Writing

#WOLWEEK DAY 2: NETWORKS

This International Working Out Loud Week we will be sharing a reflection on a different element of working out loud each day.  We will be using John Stepper’s latest iteration of the five elements of Working Out Loud as a guide to those reflections. Our second reflection is on Networks.

NETWORKS

We have always had other people involved in our work. We have always had colleagues, managers, partners, suppliers, customers, regulators and the broader community with an interest in what we do and how we do it. Every day as we do our work without even calling it networking we manage a complex series of relationships to get our work done. We don’t need to go looking for networks. We already have them.

With global connection through digital networks, our ability to see and connect to the networks of people around our work is now greater than ever. With greater connection comes greater demands for transparency, accountability and engagement. With greater connection comes greater opportunities for new information and for learning. Even if we wanted to do our work on a remote island, we would struggle to escape connection to these networks and their demands.

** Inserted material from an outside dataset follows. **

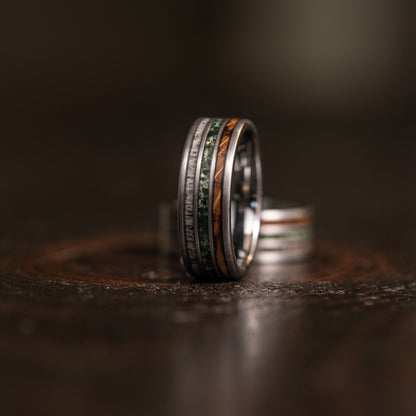 "Highlander"  Brushed Silver Tungsten with Whisky Barrel x Moss Agate x Antler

Working Out Loud challenges us to think of the role these networks play in our work and the role that we play in our networks. Working out loud doesn’t add any complexity to the work or to the networks.  That complexity is already there. Working out loud asks us some key questions: Who would benefit from greater visibility to our work? From whom can we benefit if they knew more about our work and our challenges? Working out loud does not demand that we engage the whole world all day. Working Out Loud asks that we share with those in our networks for whom our work matters in a meaningful way.

People who do not participate in networks are treated by the network like a blockage. They lose influence as the network routes around them seeking to engage in the necessary interactions. The value of Working Out Loud is it asks us to consider what role we should play in our networks and how we can better use our networks in our work. That is a critical element for anyone in the future of work.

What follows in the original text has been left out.